Premiere am 1.12.2018
Endgültige Fassung?
Vorweg eine gute Nachricht: Die Deutsche Oper steht noch nach der Premiere von Offenbachs Les Contes d’Hoffmann, obwohl doch eine Fluch auf dem Stück lasten soll, der bei der österreichischen Erstaufführung zu einem Theaterbrand und zu vierhundert Toten führte, und auch das Uraufführungstheater, die Opéra Comique in Paris, ereilte dasselbe Schicksal. Die zweite gute Nachricht: Mit der zunächst für das Lausanner Theater erstellten Fassung des vom Komponisten nicht vollendeten Werks hat man eine gute Lösung gefunden, auch wenn wegen der gesprochenen Rezitative eher für ein französisches Publikum und für muttersprachliche Sänger geeignet. Die dritte gute Nachricht: Mit der aus Lyon übernommenen Produktion, die auch in Barcelona und in San Francisco zu erleben ist, gibt es an der Deutschen Oper endlich wieder eine Premiere, von der man sich nicht wie unlängst bei Carmen, Fledermaus und Wozzeck mit Schaudern abwenden muss.
Wer glaubte, seinen Hoffmann zu kennen, wird mit Erstaunen Unterschiede zu den Aufführungen, die er bisher erlebt hat, wahrnehmen: Die Rolle der Muse ist erheblich aufgewertet, sie ist das zweite Ich des unglücklichen Dichters und hat sehr viel zu singen, Giulietta wird von diesem am Ende des vierten Akts erstochen, die sogenannte Spiegelarie wird zur Originalmusik und nicht zu der geläufigeren aus der Reise zum Mond gesungen, der sonst oft gestrichene Geisterchor findet wieder seinen Platz in der Oper.

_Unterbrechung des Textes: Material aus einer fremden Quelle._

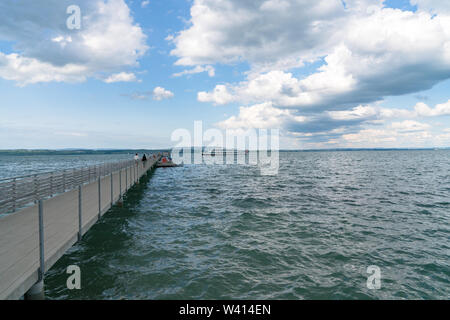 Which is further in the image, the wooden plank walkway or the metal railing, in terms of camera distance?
the metal railing

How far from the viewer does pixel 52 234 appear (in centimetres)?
820

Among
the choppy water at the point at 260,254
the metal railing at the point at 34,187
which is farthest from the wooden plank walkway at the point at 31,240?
the choppy water at the point at 260,254

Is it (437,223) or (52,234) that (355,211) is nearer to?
(437,223)

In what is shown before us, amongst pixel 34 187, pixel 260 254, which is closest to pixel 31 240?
pixel 260 254

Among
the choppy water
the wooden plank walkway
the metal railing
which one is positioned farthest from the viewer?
the metal railing

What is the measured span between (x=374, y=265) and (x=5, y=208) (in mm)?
15668

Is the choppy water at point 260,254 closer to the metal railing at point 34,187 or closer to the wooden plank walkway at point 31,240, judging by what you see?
the wooden plank walkway at point 31,240

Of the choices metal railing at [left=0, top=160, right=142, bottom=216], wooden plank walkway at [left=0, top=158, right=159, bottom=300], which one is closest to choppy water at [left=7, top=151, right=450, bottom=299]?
wooden plank walkway at [left=0, top=158, right=159, bottom=300]

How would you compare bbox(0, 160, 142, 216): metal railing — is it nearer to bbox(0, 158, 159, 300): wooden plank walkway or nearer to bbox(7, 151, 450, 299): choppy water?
bbox(0, 158, 159, 300): wooden plank walkway

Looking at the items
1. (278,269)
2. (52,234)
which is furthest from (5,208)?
(278,269)

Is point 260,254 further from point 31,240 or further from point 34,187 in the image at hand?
point 34,187

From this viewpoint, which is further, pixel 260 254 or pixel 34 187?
pixel 34 187

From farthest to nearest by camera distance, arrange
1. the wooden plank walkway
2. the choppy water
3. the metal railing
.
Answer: the metal railing < the choppy water < the wooden plank walkway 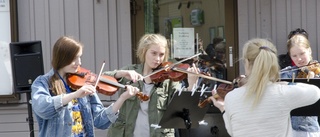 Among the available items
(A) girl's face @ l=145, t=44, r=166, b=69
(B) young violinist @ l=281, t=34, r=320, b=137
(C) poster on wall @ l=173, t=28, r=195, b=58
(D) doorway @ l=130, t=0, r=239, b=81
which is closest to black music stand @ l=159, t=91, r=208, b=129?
(A) girl's face @ l=145, t=44, r=166, b=69

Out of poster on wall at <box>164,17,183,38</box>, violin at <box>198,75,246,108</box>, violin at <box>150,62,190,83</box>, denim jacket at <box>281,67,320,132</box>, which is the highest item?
poster on wall at <box>164,17,183,38</box>

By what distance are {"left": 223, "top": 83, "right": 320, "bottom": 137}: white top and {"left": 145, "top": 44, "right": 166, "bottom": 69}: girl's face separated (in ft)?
3.03

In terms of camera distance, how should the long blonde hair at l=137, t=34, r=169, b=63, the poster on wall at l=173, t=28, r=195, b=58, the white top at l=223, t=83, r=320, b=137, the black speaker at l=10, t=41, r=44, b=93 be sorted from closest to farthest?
the white top at l=223, t=83, r=320, b=137, the long blonde hair at l=137, t=34, r=169, b=63, the black speaker at l=10, t=41, r=44, b=93, the poster on wall at l=173, t=28, r=195, b=58

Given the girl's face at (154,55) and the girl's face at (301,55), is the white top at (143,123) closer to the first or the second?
the girl's face at (154,55)

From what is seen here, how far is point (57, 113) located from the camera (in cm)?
310

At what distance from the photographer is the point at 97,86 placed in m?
3.34

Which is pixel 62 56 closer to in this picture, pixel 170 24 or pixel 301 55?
pixel 301 55

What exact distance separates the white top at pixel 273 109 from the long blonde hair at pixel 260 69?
39 millimetres

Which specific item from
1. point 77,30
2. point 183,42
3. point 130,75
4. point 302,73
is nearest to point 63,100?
point 130,75

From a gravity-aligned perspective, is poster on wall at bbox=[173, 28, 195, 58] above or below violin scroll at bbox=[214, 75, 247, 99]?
above

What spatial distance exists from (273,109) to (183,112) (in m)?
0.82

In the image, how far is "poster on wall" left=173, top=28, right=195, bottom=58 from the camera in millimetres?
5984

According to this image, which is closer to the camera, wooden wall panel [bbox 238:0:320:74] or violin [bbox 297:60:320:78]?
violin [bbox 297:60:320:78]

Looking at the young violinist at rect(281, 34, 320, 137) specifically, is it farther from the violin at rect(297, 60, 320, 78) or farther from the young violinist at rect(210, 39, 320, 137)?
the young violinist at rect(210, 39, 320, 137) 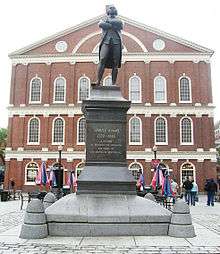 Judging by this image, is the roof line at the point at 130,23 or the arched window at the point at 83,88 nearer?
the roof line at the point at 130,23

Optisch geht es eher schlicht zu mit verschiebbaren Wänden in wechselnden Blautönen, dazu wenig Mobiliar wie einige Bänke für Lutters Keller, einige Sofas und sich im Barcaroletakt bewegende Vorhänge für den Giulietta-Akt, Tribünen und eine Art Kran, der die Puppe hin- und her bewegt für den Olympia-Akt, immerhin ein Treppenhaus plus Kämmerchen mit Bett und Nachttisch für den Antonia-Akt (Bühne Chantal Thomas). Die Erscheinung der Mutter ist ein riesiges Negativ-Portrait. Surreales wird insbesondere bei den Auftritten des Bösewichts zum Teil der Inszenierung. Die Muse behauptet zwar, vom Himmel zu kommen, steigt aber aus einem dampfenden Loch im Bühnenboden, ehe sie zum den Dichter begleitenden Nicklausse wird. Macht nichts, das Stück wird im Wesentlichen respektiert, die Kostüme von Laurent Pelly, der auch der Regisseur der Produktion ist, sind teils biedermeierlich, teils späteren Epochen zuzuordnen.
Mit weit mehr Glück als der letzte Premieren-Hoffmann an der Deutschen Oper, nämlich Kenneth Riegel, absolvierte der jetzige, der schwedische Tenor Daniel Johansson die Vorstellung. Er hat zwar nicht das Ausnahme-Timbre eines Domingo oder die glaubwürdige Zerrissenheit eines Shicoff, aber er konnte sich durch sein engagiertes Spiel und durch eine solide vokale Leistung, durch die sichere Höhe sowie das nie nachlassende Durchhaltevermögen behaupten, die Stimme klingt manchmal etwas näselnd und spröde, was aber bei einer italienischen Partie eher stören würde. Ein heikles Unterfangen ist immer die Besetzung der drei Frauenpartien (und in dieser Fassung singt auch Stella) mit nur einer Sängerin. Cristina Pasariou war wunderbar als Antonia, die sie mit lyrischer Emphase sang, nicht übermäßig virtuos als Olympia und leicht gepresst klingend als Giulietta. Eine erstaunliche Entwicklung hat Alex Esposito durchgemacht, der nun nach einer Rossini-Mozart-Karriere die eher dramatischen Basspartien singt, dessen Stimme jetzt schwarz und gewichtig genug für die vier Bösewichter ist.
Der große und verdiente Erfolg von Irene Roberts als Muse/Nicklausse lag nicht nur an ihrer tadellosen stimmlichen Leistung mit leuchtendem Mezzosopran, sondern auch an der Gewandtheit und Eleganz, mit der sie sich auf der Bühne zu bewegen wusste. Gideon Poppe konnte natürlich besonders mit dem Couplet des Franz glänzen, Annika Schlicht strahlt viel vokale Autorität als Mutter aus, Tobias Kehrer ist die Luxusbesetzung für Luther (Nicht Lutter, wie man annehmen müsste!), Jörg Schörner ist der umtriebige Spalanzani. James Platt lässt als Crespel mit markantem Bass gleichermaßen Autorität und besorgte Liebe zur Tochter anrührend hörbar werden.
Der Chor unter Jeremy Bines zeigt sich einmal mehr von seiner besten Seite. Enrique Mazzola, Ständiger Gastdirigent des Hauses, führte das Orchester zügig, straff und elegant durch die Partitur, ließ sich aber auch Zeit und Raum für deren poetische Höhenflüge. Wer die Deutsche Oper liebt war froh, das Haus zufrieden verlassen zu können.